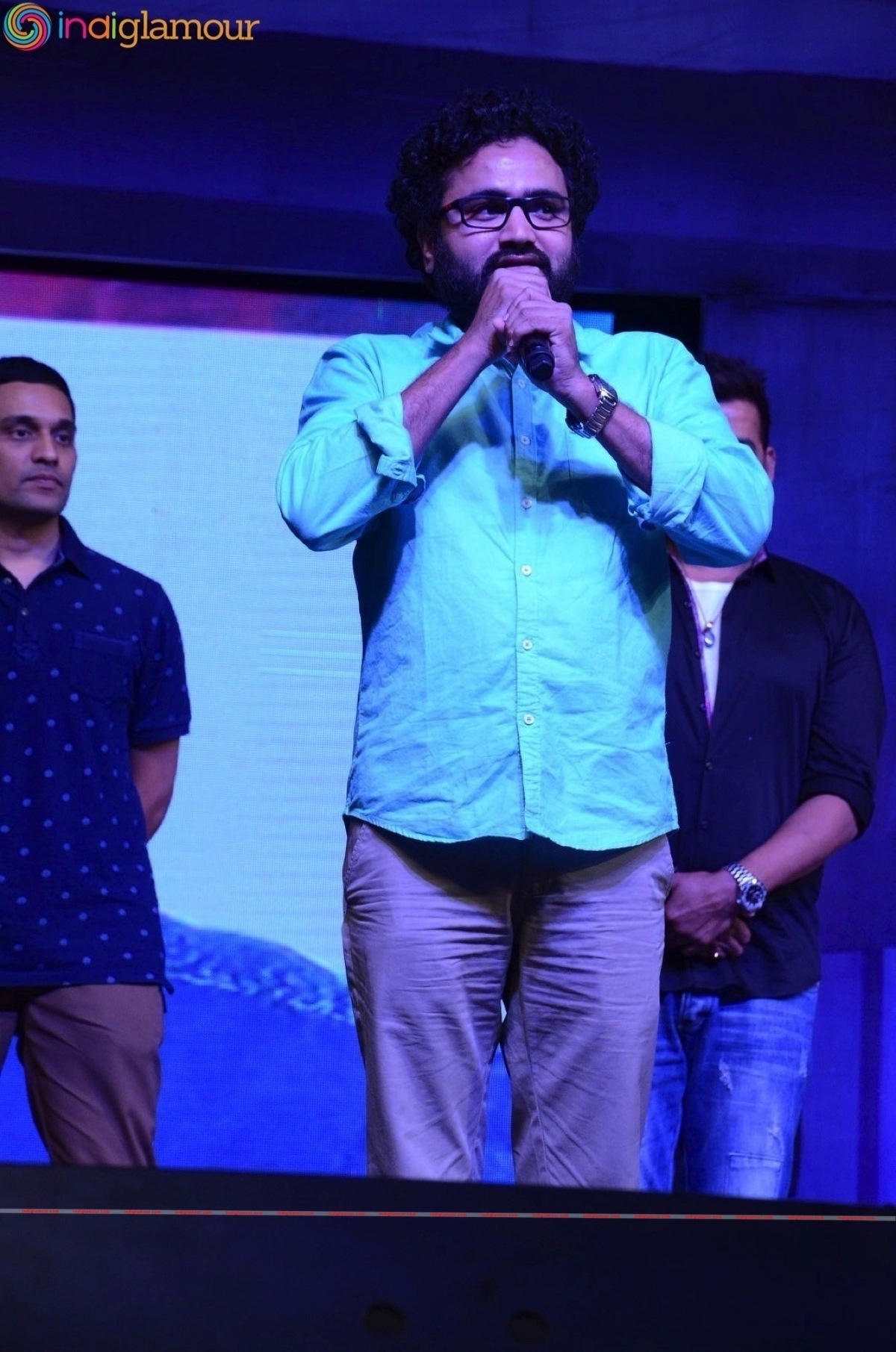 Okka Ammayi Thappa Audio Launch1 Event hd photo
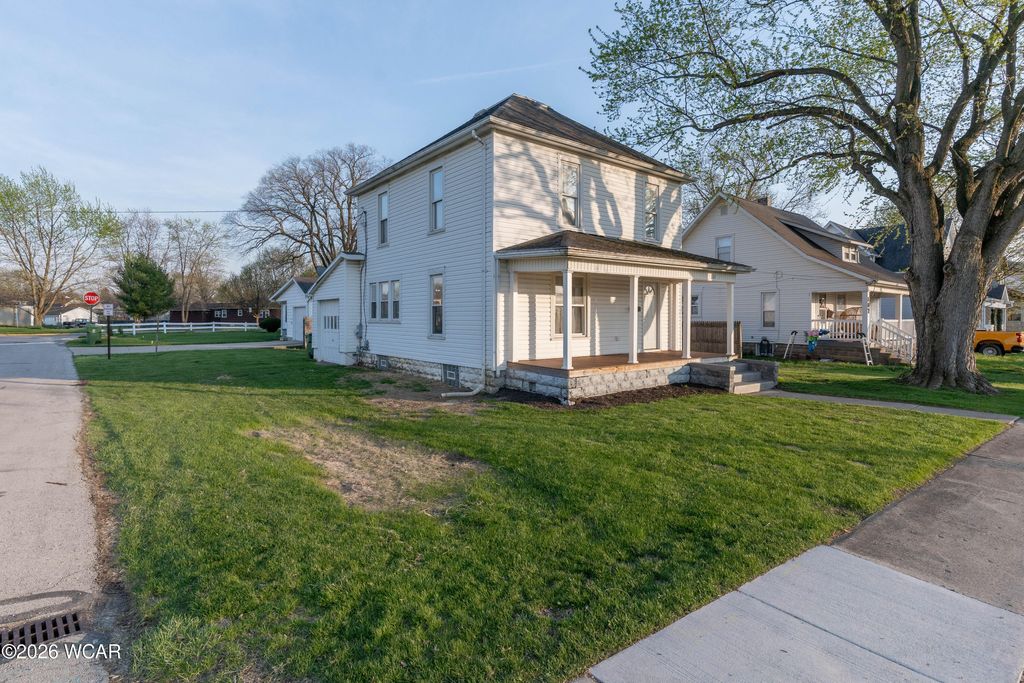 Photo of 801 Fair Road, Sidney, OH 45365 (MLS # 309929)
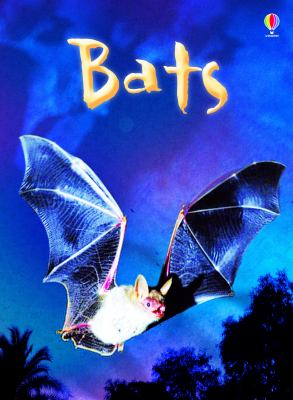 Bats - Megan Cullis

##############################

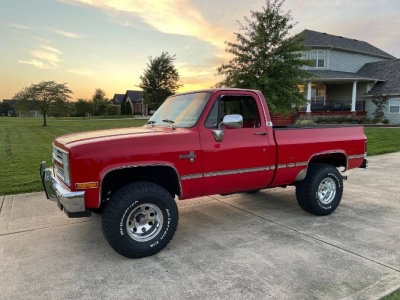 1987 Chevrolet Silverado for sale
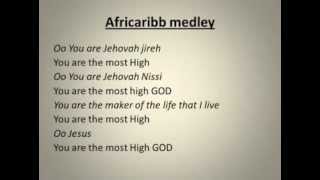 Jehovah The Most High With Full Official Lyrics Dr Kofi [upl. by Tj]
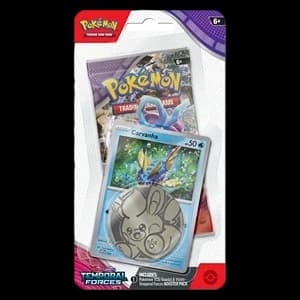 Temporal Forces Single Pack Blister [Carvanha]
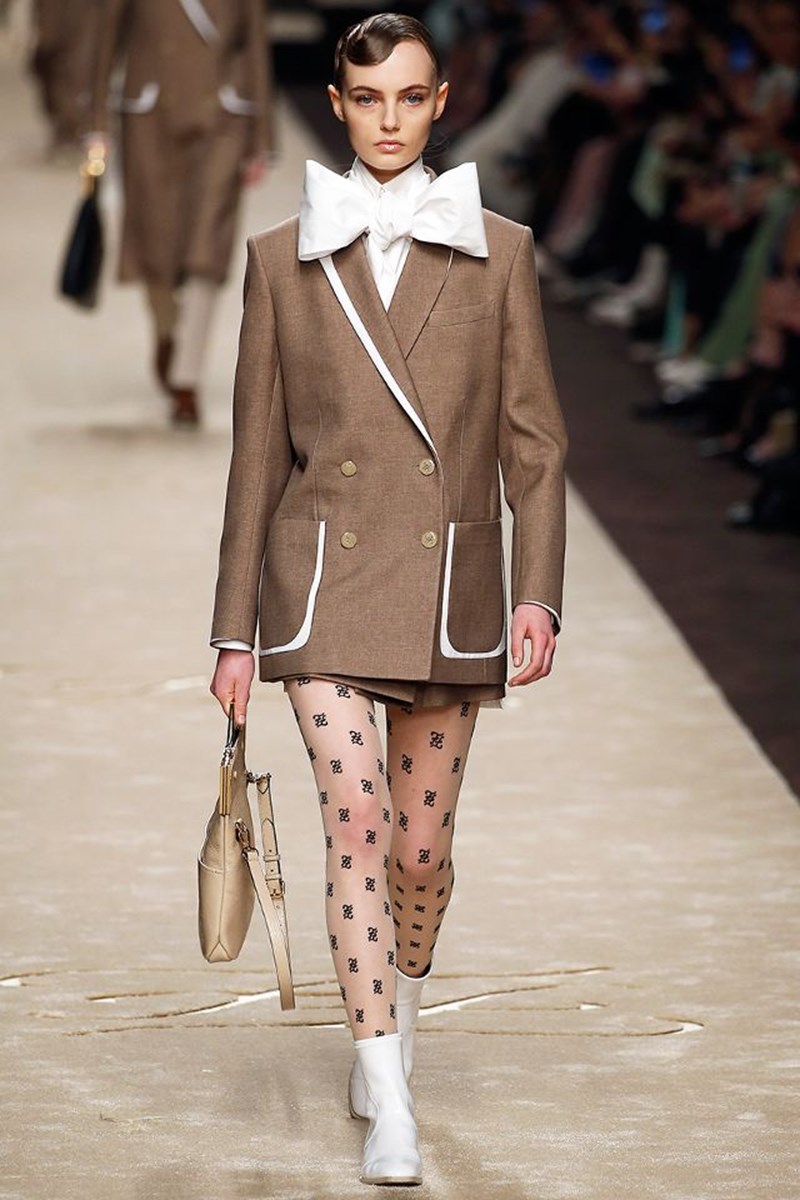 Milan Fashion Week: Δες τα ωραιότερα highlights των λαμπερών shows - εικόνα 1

##############################

**What to work on**
Using the data above, set down each line from the line with "1987 Chevrolet Silverado for sale" to the line with "Milan Fashion Week: Δες" exactly, both ends included, and leave the pictures behind. Nothing else belongs.

**Task answer**
 1987 Chevrolet Silverado for sale
 Jehovah The Most High With Full Official Lyrics Dr Kofi [upl. by Tj]
 Temporal Forces Single Pack Blister [Carvanha]
 Milan Fashion Week: Δες τα ωραιότερα highlights των λαμπερών shows - εικόνα 1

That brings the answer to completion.